• **What you have to do**
Repeat only these lines, exactly: the first line of the data, the line containing "Now I'm going", and every line between them. Pictures stay out.
(Beginning of Exercise data)
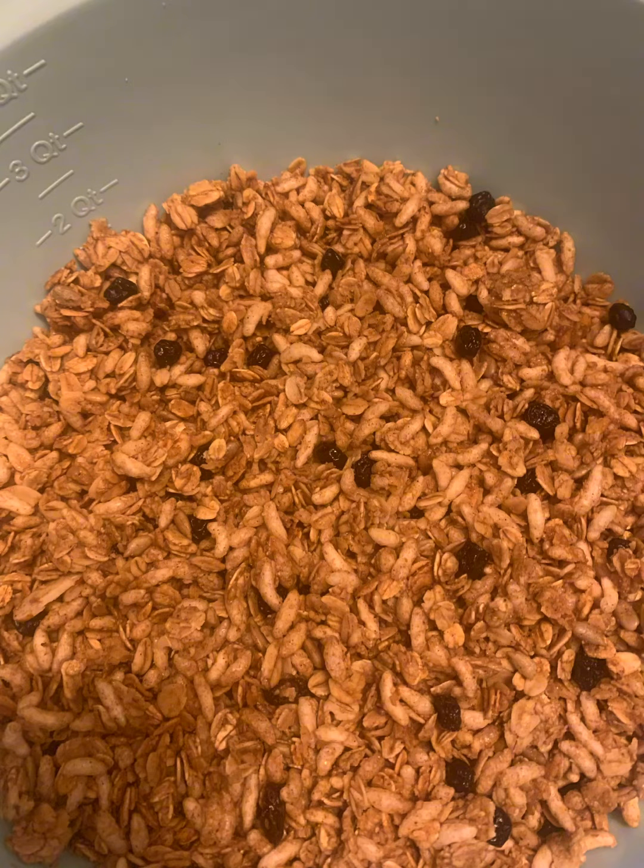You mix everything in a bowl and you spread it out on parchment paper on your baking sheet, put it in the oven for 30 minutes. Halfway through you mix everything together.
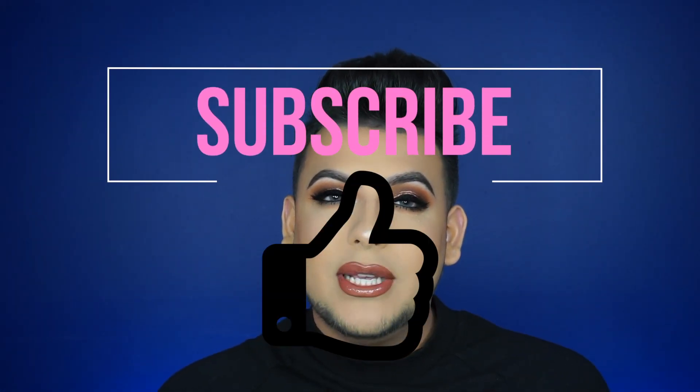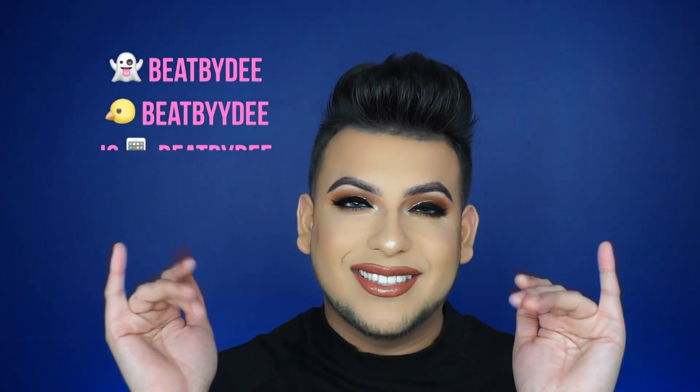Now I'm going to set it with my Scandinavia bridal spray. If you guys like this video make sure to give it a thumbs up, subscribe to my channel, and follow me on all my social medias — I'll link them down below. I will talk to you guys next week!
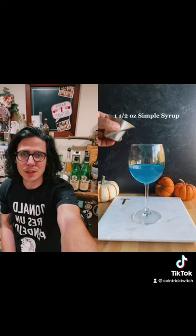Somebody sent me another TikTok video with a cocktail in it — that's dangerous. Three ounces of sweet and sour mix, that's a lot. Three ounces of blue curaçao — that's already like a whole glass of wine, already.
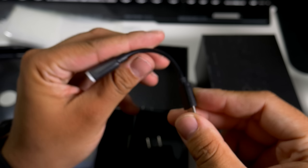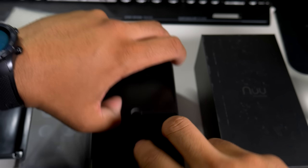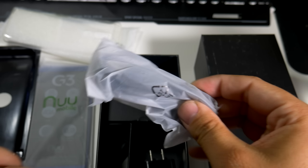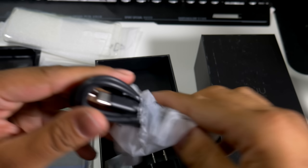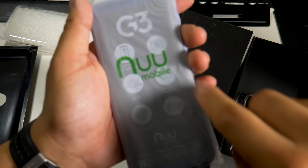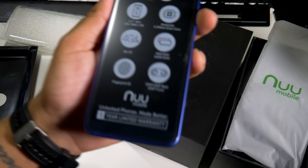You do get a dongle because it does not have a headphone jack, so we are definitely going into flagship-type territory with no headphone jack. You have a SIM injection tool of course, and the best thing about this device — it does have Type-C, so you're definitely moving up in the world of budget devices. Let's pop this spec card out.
(End of Exercise data)
• **Finished exercise**
You mix everything in a bowl and you spread it out on parchment paper on your baking sheet, put it in the oven for 30 minutes. Halfway through you mix everything together.
Now I'm going to set it with my Scandinavia bridal spray. If you guys like this video make sure to give it a thumbs up, subscribe to my channel, and follow me on all my social medias — I'll link them down below. I will talk to you guys next week!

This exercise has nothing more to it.